This post is an elaboration on a feature request I recently sent to the GNU Coreutils mailing list.

I’ve been playing with backups a bit lately, and my favorite command line tool in that effort (other than rsync of course) has been du—usually known for its annoying recursive and verbose output—but which I just learned to tame with the --max-depth=1 option, e.g.

$ du -h --max-depth=1
4.0K    ./bin
52M     ./code
765M    ./Desktop
12K     ./mail
17M     ./music
124K    ./PDF
5.5G    ./photos
153M    ./public_html
652K    ./ufc
7.3G    .

Perfect! Helps me quickly home in on which directories to trim, and which aren’t worth the bother. The -h “print[s] sizes in human readable format (e.g., 1K 234M 2G)” but as the list of directories gets longer, it gets harder to differentiate the 153Ms from the 652Ks.

If I don’t use -h, I can pipe the du output through sort -n, but human-readable sizes are so nice. So I proposed to the coreutils group that sort be extended with an option for sorting by human-readable disk size values. Using the example above, the hypothetical usage and output would look like this:

$ du -h --max-depth=1 | sort -h
4.0K    ./bin
12K     ./mail
124K    ./PDF
652K    ./ufc
17M     ./music
52M     ./code
153M    ./public_html
765M    ./Desktop
5.5G    ./photos
7.3G    .

Perhaps it’s time to refresh my knowledge of C?

12 Comments

Agreed. In the mean time, I’ve been using KDirStat (http://kdirstat.sourceforge.net/) to help clean up my disks.

try:

ruby -e 'puts `du --si -s #{ARGV.join(%q( ))}`.sort_by{|foo|foo=~/(\d+\.?\d*)(\w)/;[$2,1/$1.to_f]}'  FILEPATTERN

quoted up for bash to use in an alias:

alias dus='ruby -e "puts \`du --si -s #{ARGV.join(%q( ))}\`.sort_by{|foo|foo=~/(\d+\.?\d*)(\w)/;[\$2,1/\$1.to_f]}"'

whoa. your comment box hates code.

http://pastie.caboo.se/100617

Try that.

Also, I noticed you used -h instead of --si

--si gives you lowercase k, which makes the size prefixes alpha sortable to actual size.
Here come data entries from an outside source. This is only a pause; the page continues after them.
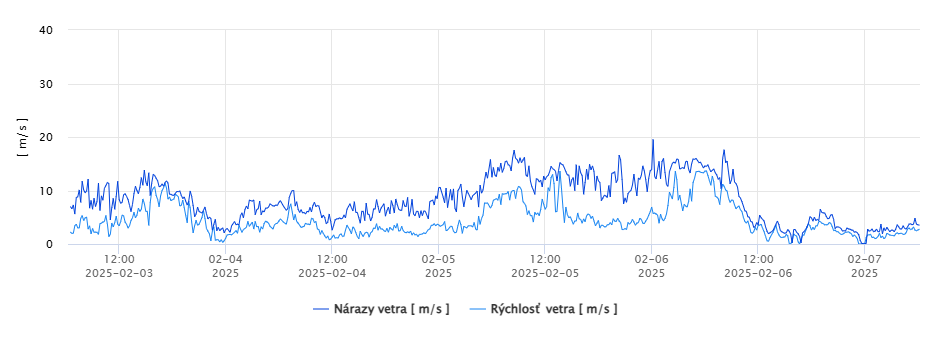 Západné Tatry, Sila vetra a sila vetra v nárazoch v m/s na AMS Príslop 2142 m n.m.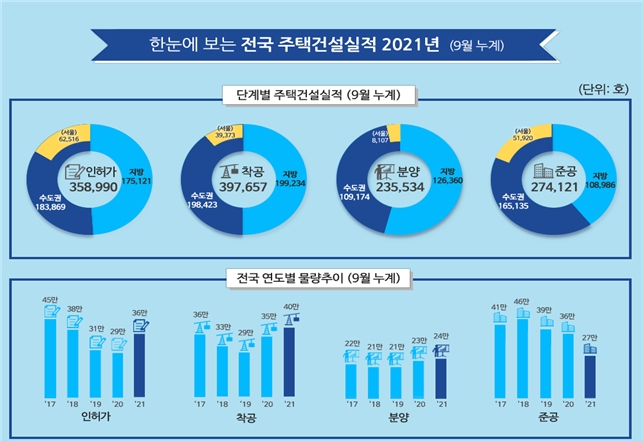 9월 누계 전국 주택건설실적. / 자료제공=국토교통부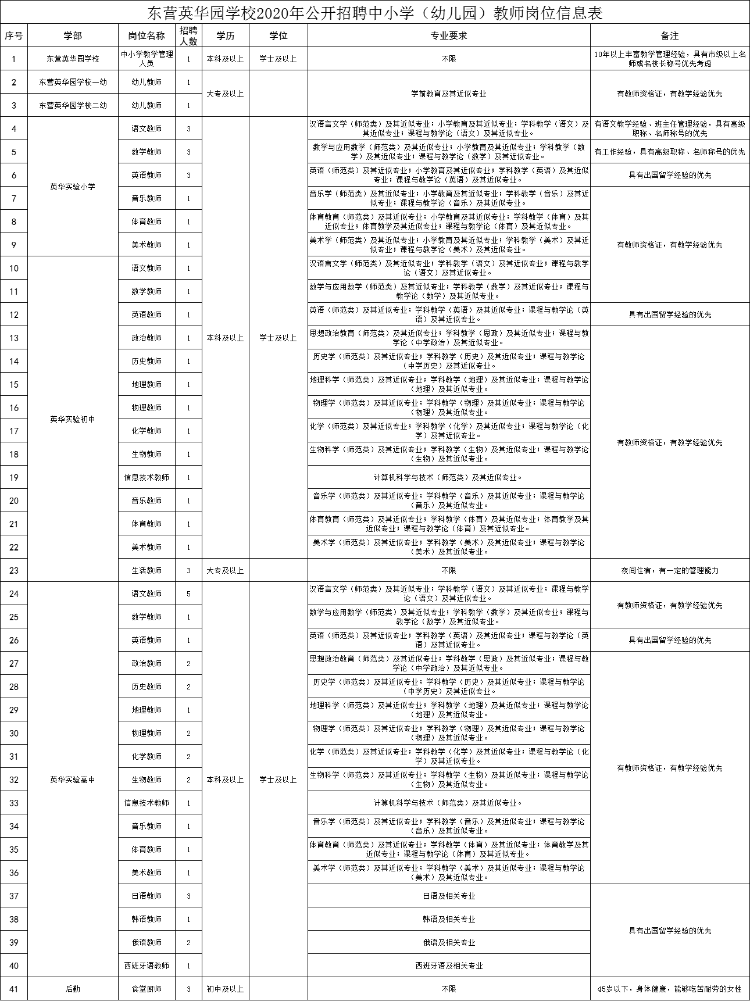 东营厨师招聘最新信息及行业趋势分析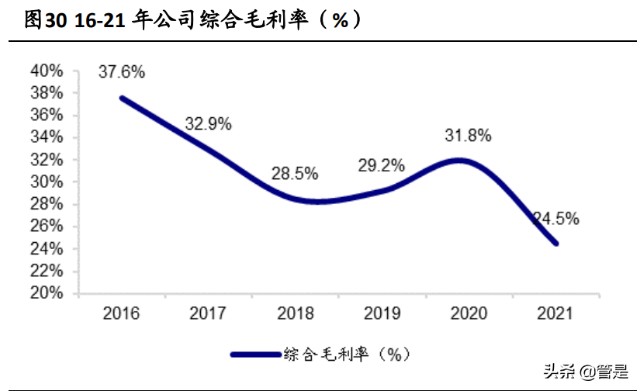 王力安防研究报告：安全门锁行业领军者，智能锁开启新增长点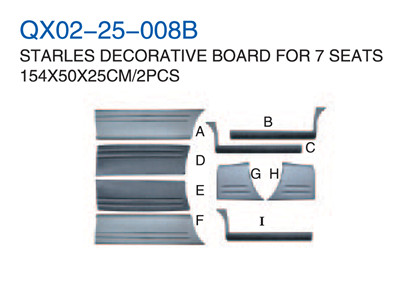 STARLES DECORATIVE BOARD FOR 7SEATS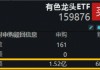 遇事不决举哑铃？双百亿银行ETF（512800）盘中涨近1.2%创阶段新高！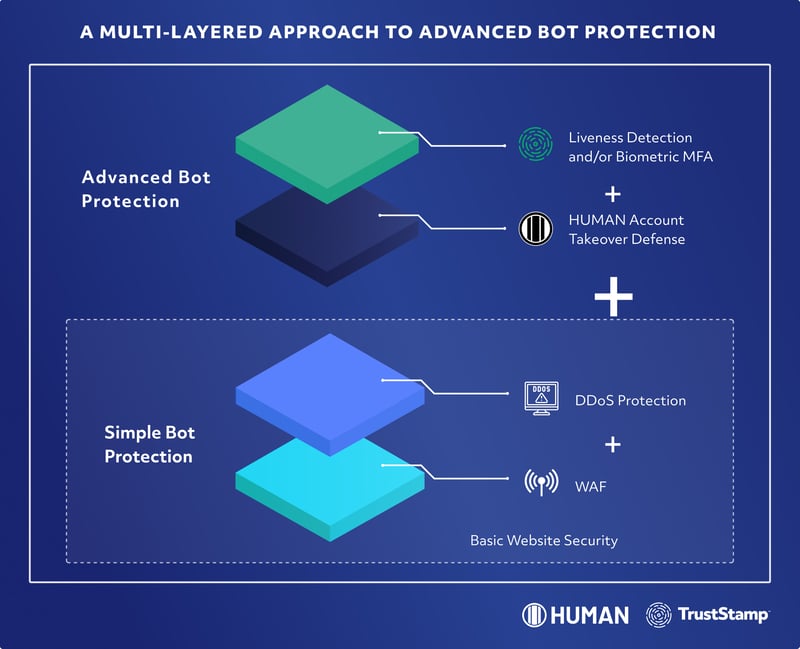 a-multi-layered-approach-to-bot-detection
Corey, the command line force is strong in you. I was going for simple. :) And somehow getting the GNU folks to update sort.c seemed simpler than a ruby command line alias. Good news is, my email seems to have gotten some traction.

zen

I’ve been wanting sort to do this for ages. It can sort “dictionary”, “numeric”, and by “month name”, but not by “human readable”? :) Today I finally wrote a simple sort script in perl to handle the output of “du -h”.

fyi… your “hypothetical output” of “sort -h” isn’t quite right. ;)

zen, how embarrassing! this has been on the web for 5 months and nobody noticed my mistake until now. thanks for the heads up, it’s fixed now.

simpz

Did this make it to a future release plan. Haven’t seen any objections expressed.

Steve

I’ve wanted this feature for ages. In fact, a few versions ago (coreutils 5.18 or so maybe) I had found a patch to add the switch, but it broke on a more recent update. I wonder what held it up?

Peter

Would be great to have this built in!

schmildo

Yeah i really want this option too. But maybe a sort config file is a way to prevent future needless feature requests. That way any new ordering types can be easily added, and people can more flexibly modify the output.
As an example you could sort data based on groups of your own pre-defined priority. Or colours by the order they appear in the rainbow without complex scripting. Additionally, human readable size abbreviations vary, Kb=KiB,Mb=MiB,Gb=GiB etc. If a task is common, I should not have to use an excessive amount of piping and recursive queries.

mika

With newer coreutils you can simply use:
du -h –max-depth=1 | sort -h

just as your hypothetical example looks like.